Darren: So erm.  Delicate matter, what pay rise would I receive?

Boss:  You mean serving me isn’t enough reward in itself?

Darren: But of course, only…

Boss: Then it’s sorted then.

Apple a day…

DOCTOR: Mr Turnbull, can you please come into the surgery.

MR TURBULL 1: Yes Doctor.

DOCTOR: Do have a seat.

FX: A door closes. A squeaky chair is sat on.

DOCTOR: Well we’ve done blood tests, an MRI and ultra sound and we now have an official diagnosis.

MR TURNBULL 1:  Yes Doctor?

DOCTOR: It would appear that you have two heads.

MR TURNBULL 2: ah der

Doctor: (sternly) Who said that? Ah there you are. I didn’t see you when you weren’t looking at me.

MR TURNBULL 1: With all due respect Doctor, I would have thought that was obvious

DOCTOR: Don’t be arrogant with me young man I’m the professional here.

MR TURNBULL 2: Well can e’ go? I want rid o’ im.

DOCTOR: What? amputate?


DOCTOR:  Well I hadn’t considered that. Are you fully aware how messy that’s going to be? It’s a lot of blood you know. Someone might trip.

MR TURNBULL 2: Appy to take em for a ride. E has to go.

MR TURNBULL 1: Shut up, you should. And where’d you pick that ridiculous accent up from?

MR TURNBULL 2:  Arrr arrr

FX:  Sound of gnashing teeth and then a slap.

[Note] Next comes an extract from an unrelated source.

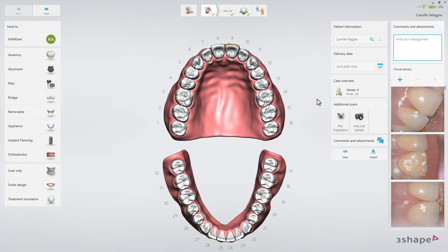Now you've learned how to use the HD Photo feature. We hope this was helpful, and thank you for watching.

MR TURNBULL 1:  Serves you right for trying to bite me.

DOCTOR:  (sternly) Mr Turnbull please. This is a house of medicine.

MR TURNBULL 1: Sorry Doctor, he gets out of control sometimes.

DOCTOR:  Hmmm well I will have to look into the procedure and see who isn’t on holiday to do it. That includes public holidays and general days of feeling a bit peaky. You meanwhile have to decide which head to lose.

MR TURNBULL 2: I ‘ave to stay as I’m the bigger head.

MR TURNBULL 1: But the smaller brain.

FX:  Sound of gnashing teeth and then a slap.

DOCTOR:  Mr Turnbull if you don’t control yourself I am going to send you to the Proctologist as punishment.

MR TURNBULL 1: We’ve already seen him, seems I talk down there as well.

MR TURNBULL 2: Aye Barry’s me friend, despite his breath.

DOCTOR:  Yes well. It’s a common complaint. Before I look into it are you sure about surgery? Surely 2 heads are better than 1.

MR TURNBULL 1: Not if I’m stuck with him. You should see his taste in women.

MR TURNBULL 2:  At least I like women.

DOCTOR:  Interesting. Well you’d better go Mr Turnbull, you have some thinking to do.

MR TURNBULL 2: Bit of a no brainer.

MR TURNBULL 1: He was asking us both.

FX:  A very unpleasant sound.

DOCTOR: My word! What was that?

MR TURNBULL 2: Barry’s vote’s wi me.